Image-caption web data
_ _ _ _

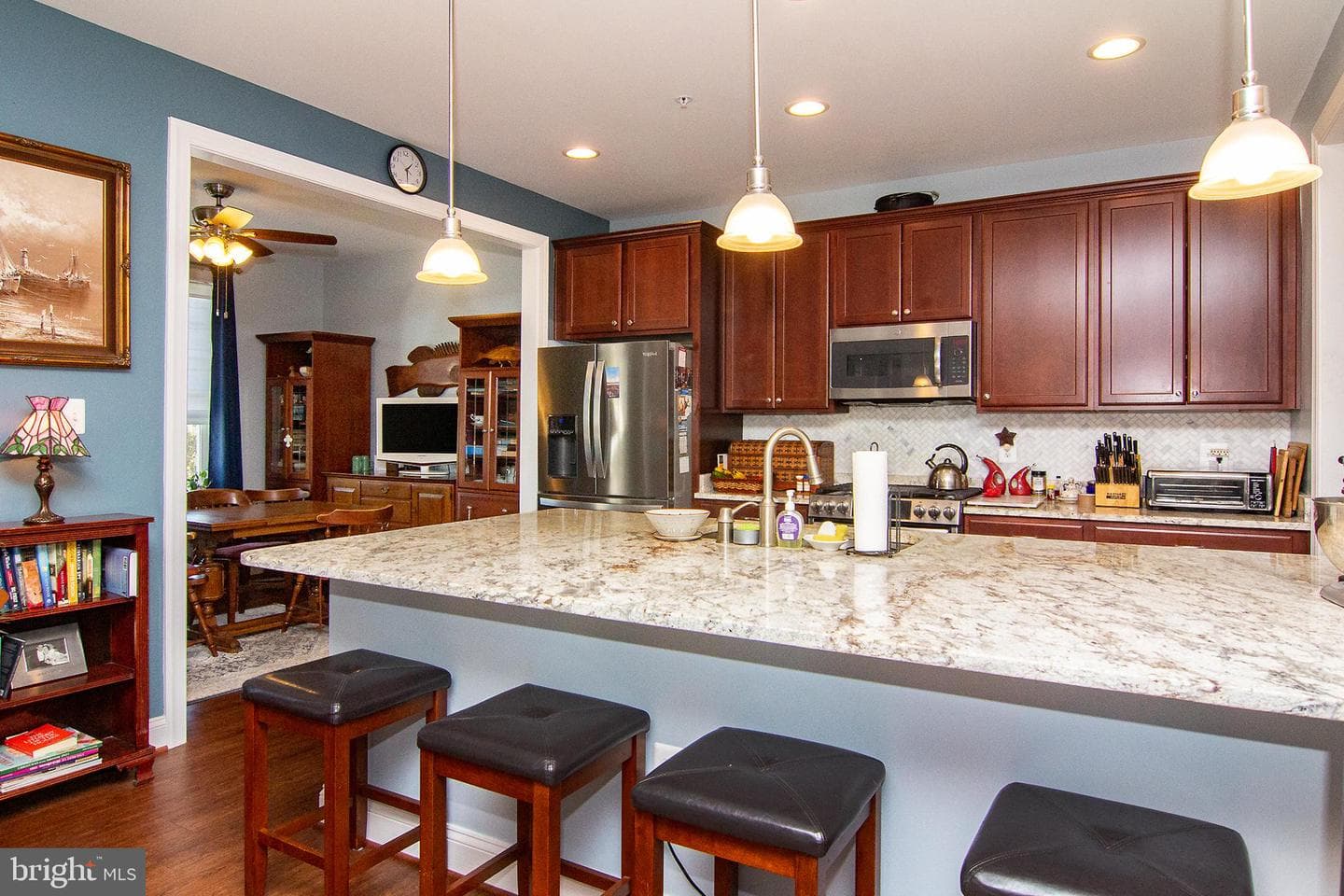 2785 Castlefield Drive #14 photo 2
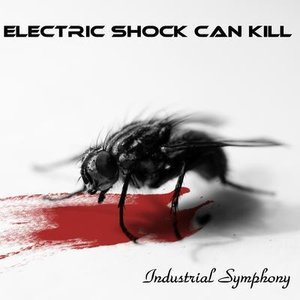 Industrial Symphony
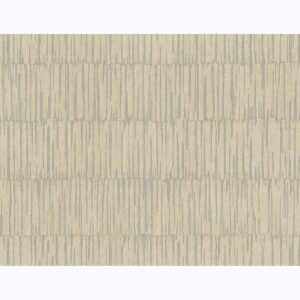 0043248 zandari neutral distressed texture wallpaper
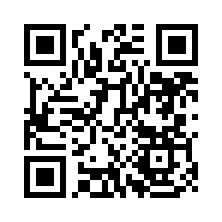 QR Code for 1DGSXt8xVvmUWNQjVhmej2LmxbfFzZ4xGM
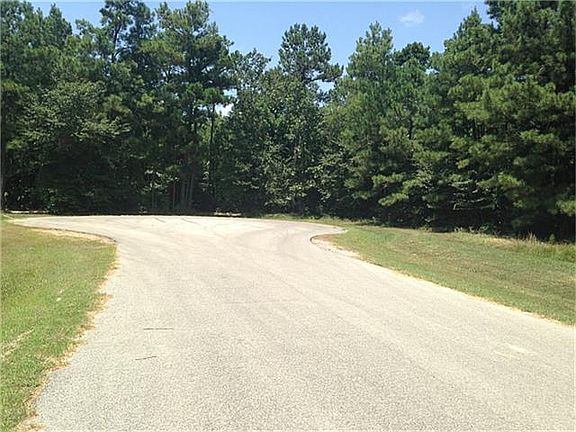 4th image of 11520 Kirstens Ct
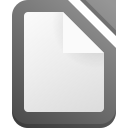 Image with missing alt attribute found on flathub.org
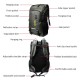 80L Mountaineering Backpack Waterproof Outdoor Running Bag Bicycle Bag Large Capacity Riding Bag Breathable Jogging Travel Daypack Bag for Riding Running Hiking Camping 80L Mountaineering Backpack Waterproof Outdoor Running Bag Bicycle Bag Large Capacity Riding Bag Breathable Jogging Travel Daypack Bag for Riding Running Hiking Camping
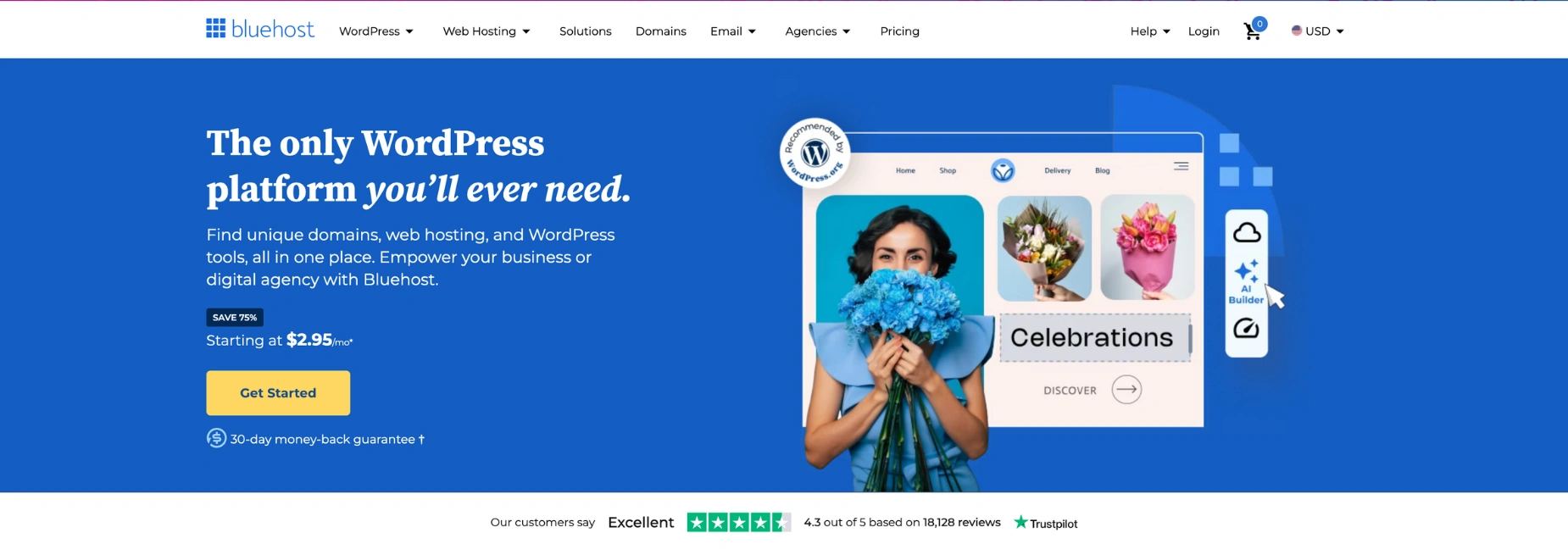 __wf_reserved_inherit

_ _ _ _

Task brief
Start at the top of the entries and repeat each line exactly, ending at the line that contains "Image with missing". Pictures are not part of the copy.

Answer
 2785 Castlefield Drive #14 photo 2
 Industrial Symphony
 0043248 zandari neutral distressed texture wallpaper
 QR Code for 1DGSXt8xVvmUWNQjVhmej2LmxbfFzZ4xGM
 4th image of 11520 Kirstens Ct
 Image with missing alt attribute found on flathub.org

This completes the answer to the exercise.